Data Prep Skills + Data Prep Professionals
Currently there is no clear and specific job market for data prep experts and leaders. Most data related jobs expect data prep to be covered as a part of the job description or job function, which is not unreasonable. However, research leads us to believe that anyone working with data could be spending up to 80% of their time cleaning and preparing it. This means that “Data Prep Skills” are essential for some of these common roles:
Accountants
Business Analyst
Business Intelligence Analyst
Data Analyst
Data Architect
Data Engineer
Data Scientist
Database Administrator
ETL Developer
HRIS Analyst
Healthcare Data Analyst
Marketing Analyst
Operations Analyst
Given the enormity of the challenge of cleaning and preparing data, making it user friendly for an intended use, the case can be made for dedicated Data Prep Professionals. Naturally, I am biased, but doesn’t it make sense to have specialized professionals who are experts at addressing 80% of time spent cleaning data?
Demand for these individuals will strengthen as the proliferation of data prep tools and platforms continues and the arrival of Power Users. Not only are these Data Prep Professionals Power Users, they also think strategically about data prep and how it helps to fuel Data Strategy. They are also prime candidates to be administrators of Data Prep tools. Data Prep Leaders are Power Users who can teach, train, mentor, and develop other Data Prep Professionals, as well as implement data prep strategically, aligned with Data Strategy.
With time the job market will better articulate the need for Data Prep Professionals in positions such as the following:
Data Prep Analyst
Data Prep Manager
Data Prep Project Manager
Data Prep Program Manager
Director of Data Prep
VP of Data Prep
I believe these roles belong in the Chief Data and Analytics Officer’s (CDAO) division, with the highest level (VP/Director of Data Prep) reporting directly to the CDAO. These roles will help ensure Data Prep evolves from a disorganized and siloed Self-Service initiative to an Enterprise Enabler for Data Strategy.
Why isn’t the Data Prep job market here?
I think there are three reasons why it has not emerged yet, and three reasons why it will arrive eventually:
Infancy vs Maturity: It is still early days for the Data Prep Industry. It’s only been officially recognized as a separate disciple in the last 5 years or so. Over the next 5 years more companies will realize benefits of and invest in Data Prep tools. Those companies will be able to better deliver upon many of their strategic data initiatives faster than those who don’t.
Resisting vs Embracing: Unfortunately there are organizations and teams within organizations that really don’t believe 80% of their staffs time is spent preparing data, and why they should invest in empowering their staff with Data Prep skills and tools. Sometimes the resistance from IT is because Data Prep is disrupting the traditional ETL process.
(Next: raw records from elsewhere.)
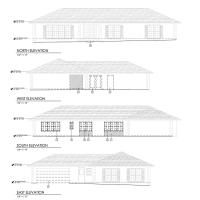 Smith Residence: 1_Page_8.jpg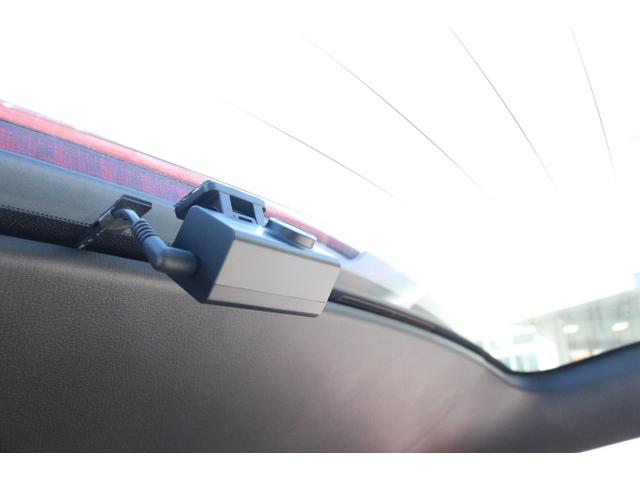 CX-5 XD プロアクティブ 純正ナビ パワーリヤゲート Rカメラ 前席パワーシート シートヒーター ステアリングヒーター SRカメラ ETC ドラレコ前後 前後ソナー LEDヘッドライト スマートキー プッシュスタート クルーズコントロール(4枚目)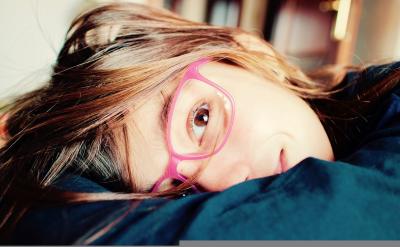 10、难以集中注意力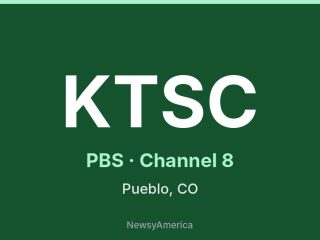 KTSC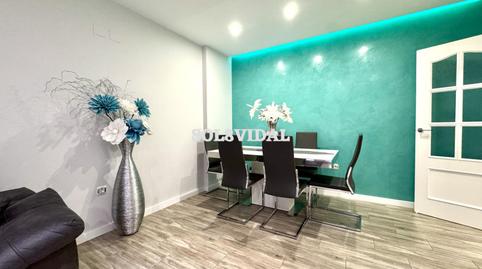 Photo 4 of Flat for sale in Orihuela ciudad, Orihuela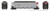 Rapido 169051A-010389 - AutoFlood III Coal Hopper General American (GACX) 010389 - HO Scale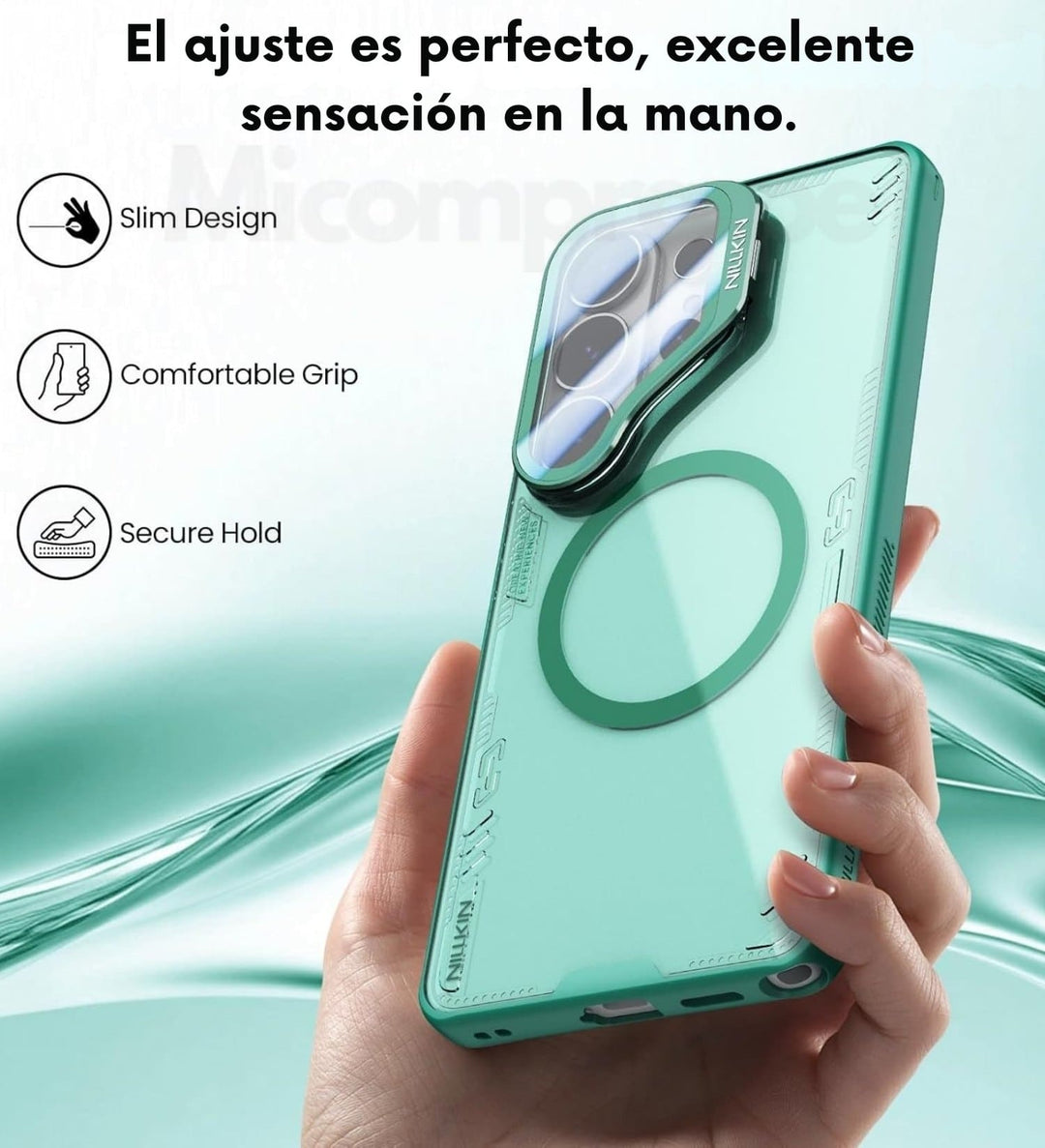 #color_green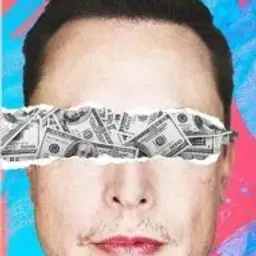 MethaTrader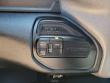 2024 Ram 3500 Tradesman Truck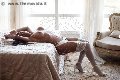 Foto Micaelle Benfatti Annunci Trans Bologna - 14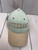 Used Weekend Summer Hat M 8-10/28-30 60093-S000405859 View 2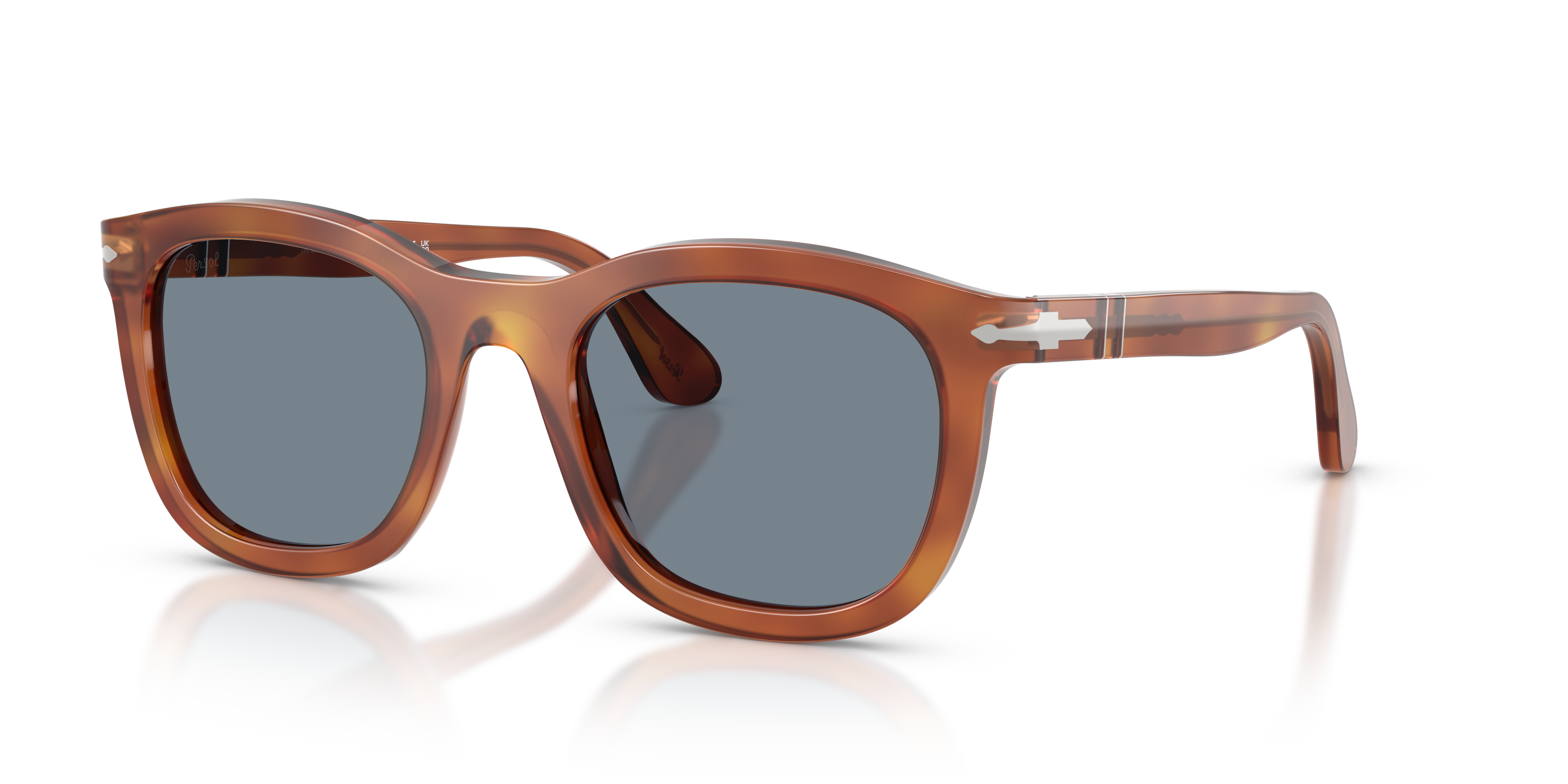 Persol PO3395S 96/56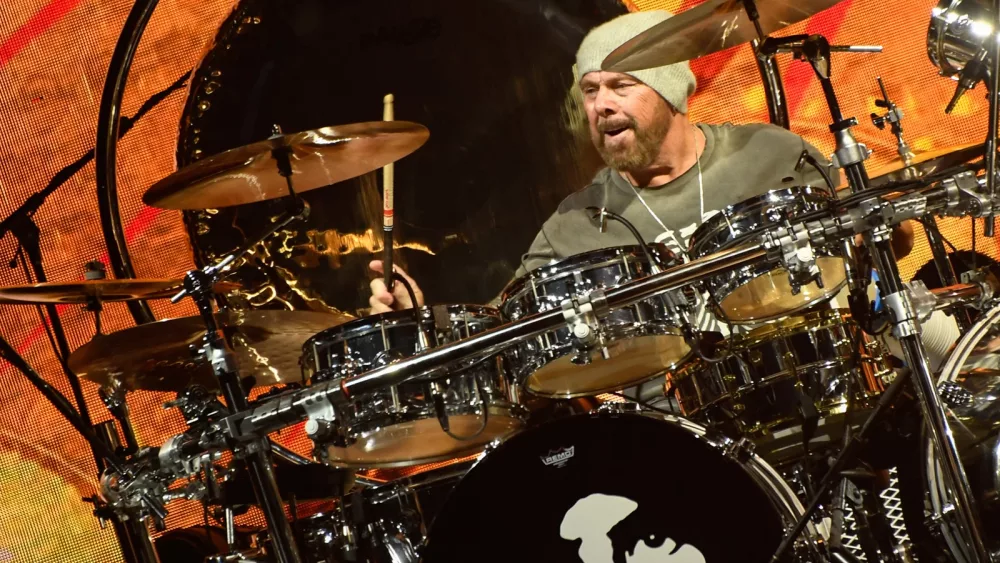 attachment-jason-bonham-gettyimages-2166129483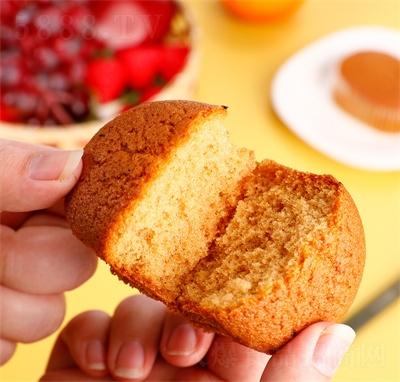 Z۵YͶYI(yng)B(yng)͵900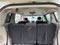 2017 Dodge Grand Caravan Passenger SE Minivan 4D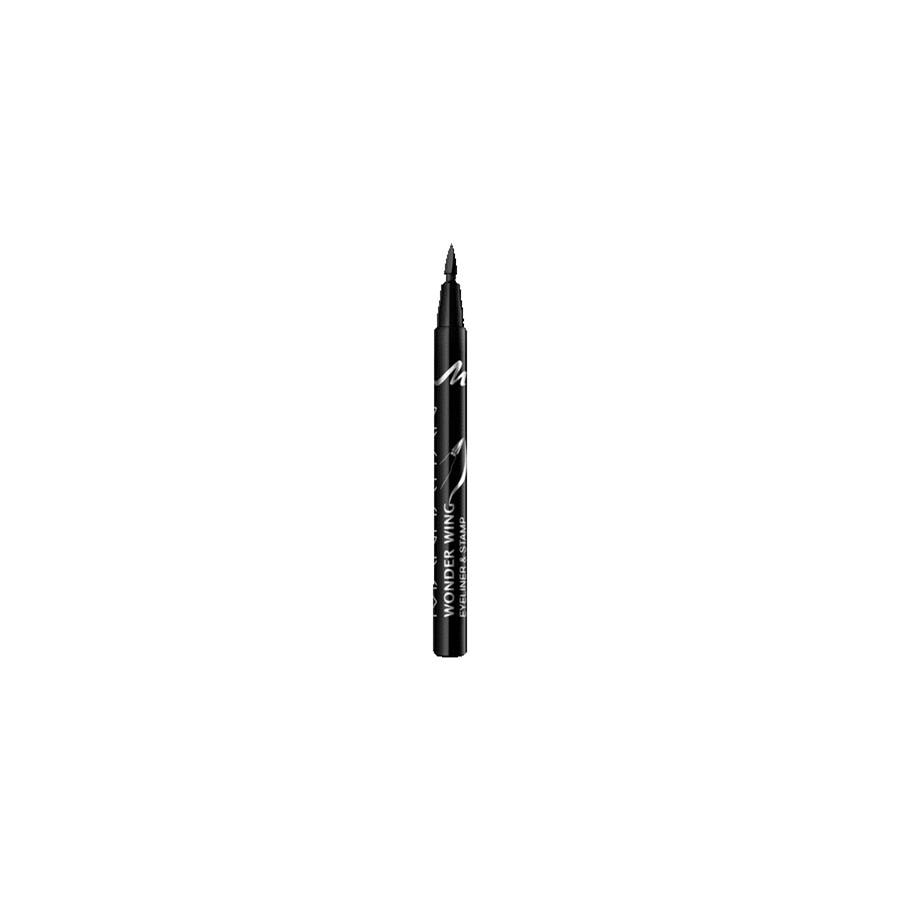 Wonder Wing Eyeliner & Stamp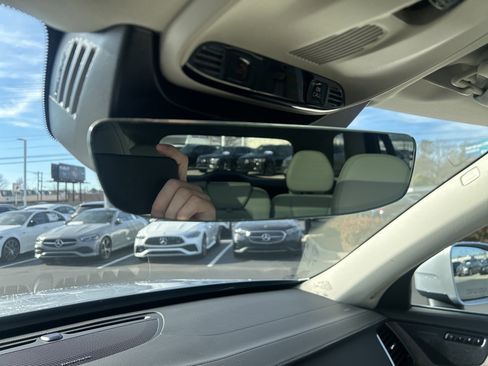 Used 2022 Volvo XC90 T8 Inscription w/ Advanced Package image 27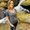 Photo of Michelle D.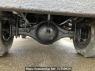 Used 1994 MT mitsubishi fighter FK335CD Image[19]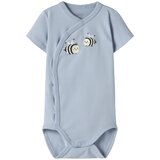 name it bodi preklop KR 13230776_26_4 NBMVACION 13230776 M plava 68 | shoptok.hr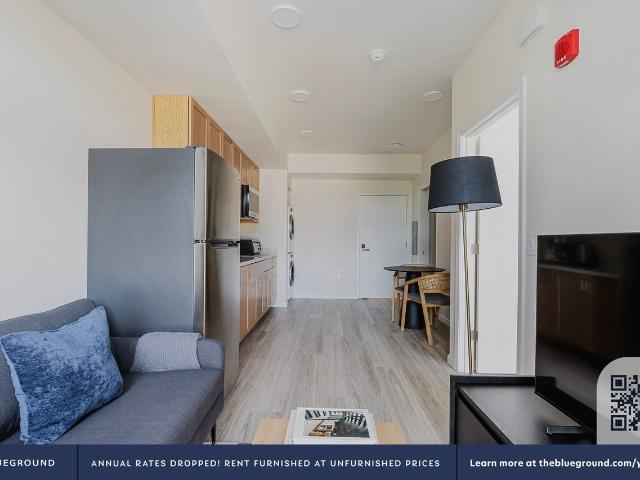 Apartment for rent in Berkeley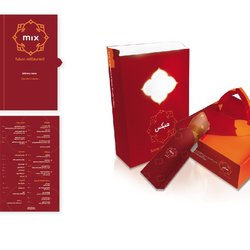 Publications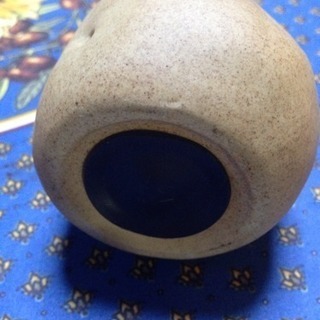 貯金箱の画像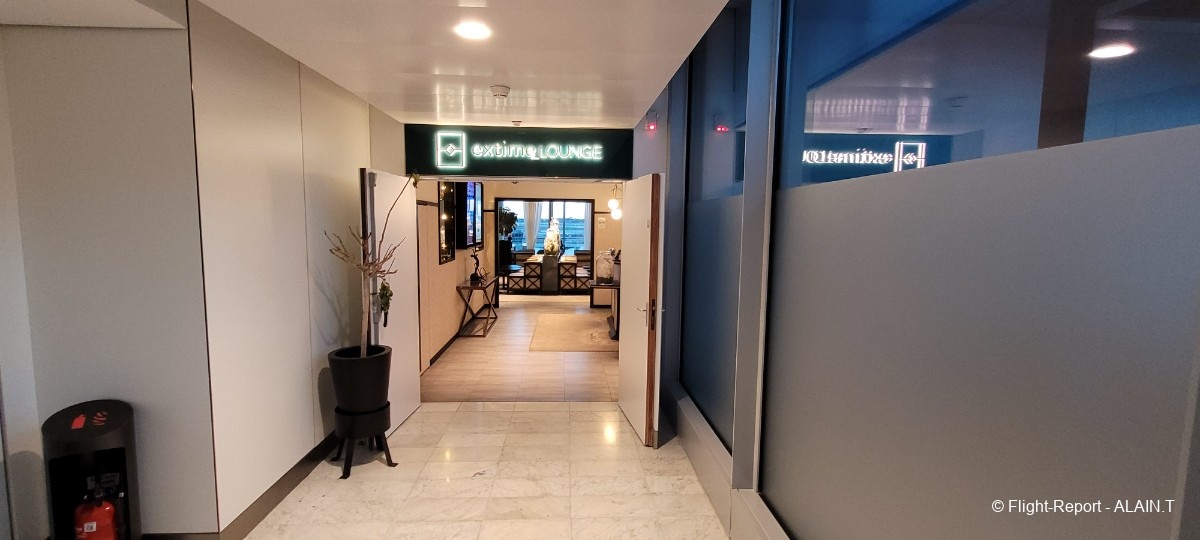 photo 20260204_081334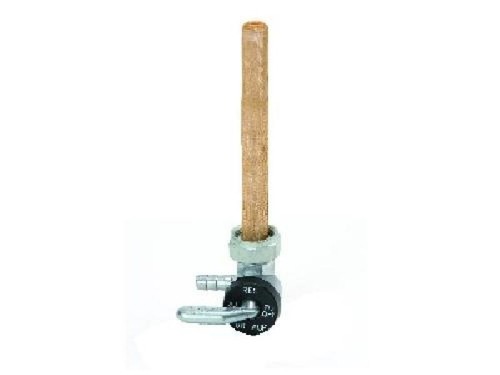 Rubinetto benzina fuel tap - rubinetto, /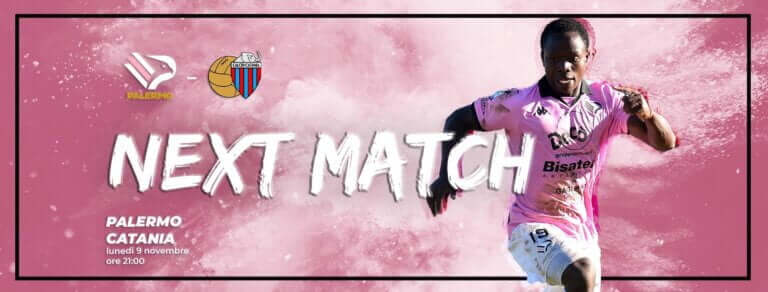 next_match_derby_palermo_catania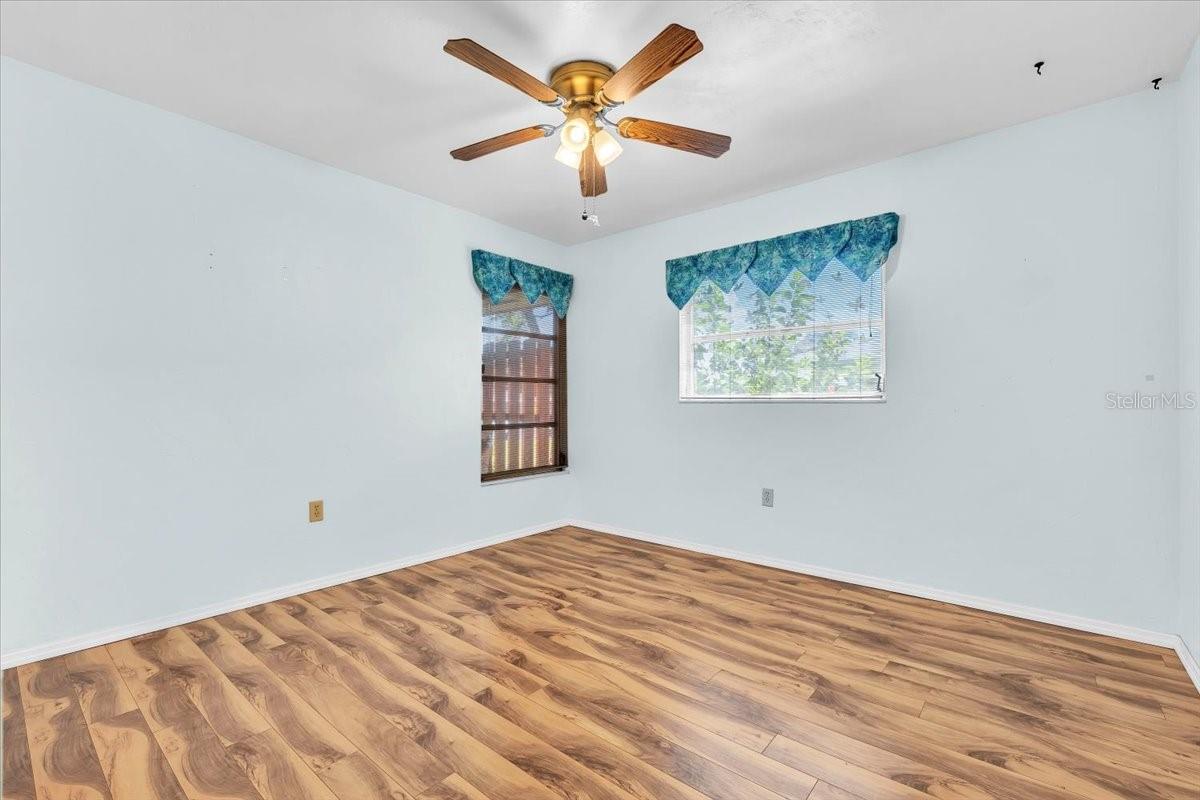 5012 PALM AIRE DR, SARASOTA, FL — photo 24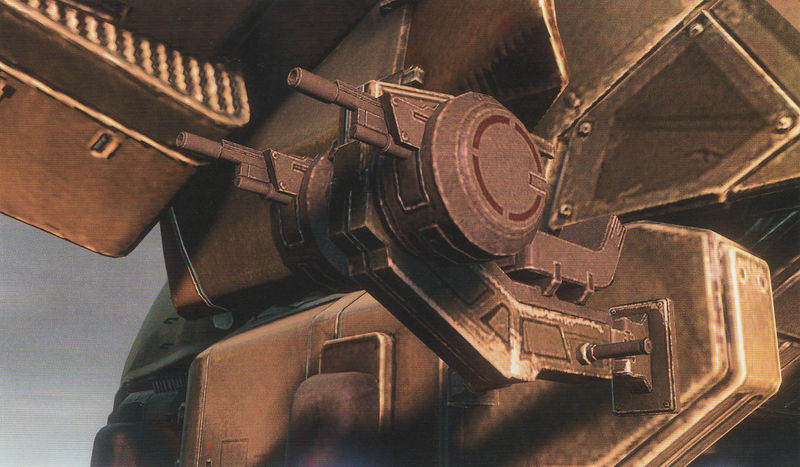 Fichier:EVG4-M410 DHMG-FM (scan).jpg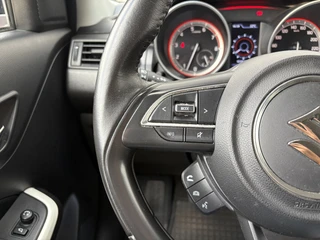 Suzuki Swift – thumbnail 16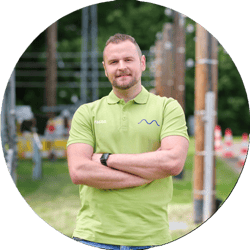 Avacon-Kevin Schmidt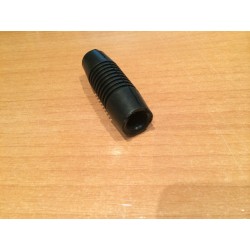 Goma pedal arranque universal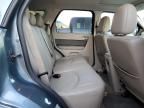 2011 Mercury Mariner Premier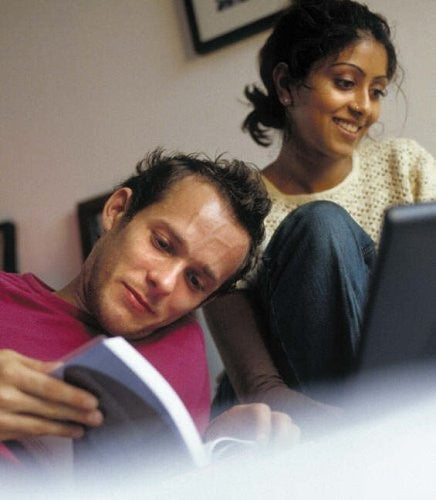Online Course Pack: Management and Organisational Behaviour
Sometimes both Business or IT individuals are scared of change or learning something new so they are content with manual inefficient processes (as far as they are concerned if their process works why change it?). Those organizations that do invest and embrace Data Prep will see a marked increase in productivity and data literacy of end users.
Self-Service Perception vs Strategic Enterprise Alignment & Adoption: Data Prep tools were created primarily to address the self-service needs of the business. Today when most people think or hear data prep they think of “self-service”. However the value of Data Prep to a company as a whole has warranted the need to shift from a Self-Service mindset to an Enterprise Wide adoption. In other words, you still have self-service but under they umbrella of a governed and scalable platform. Data Prep enables the Business to get insight and use data now while collaborating with IT to eventually ‘productionize’ if necessary.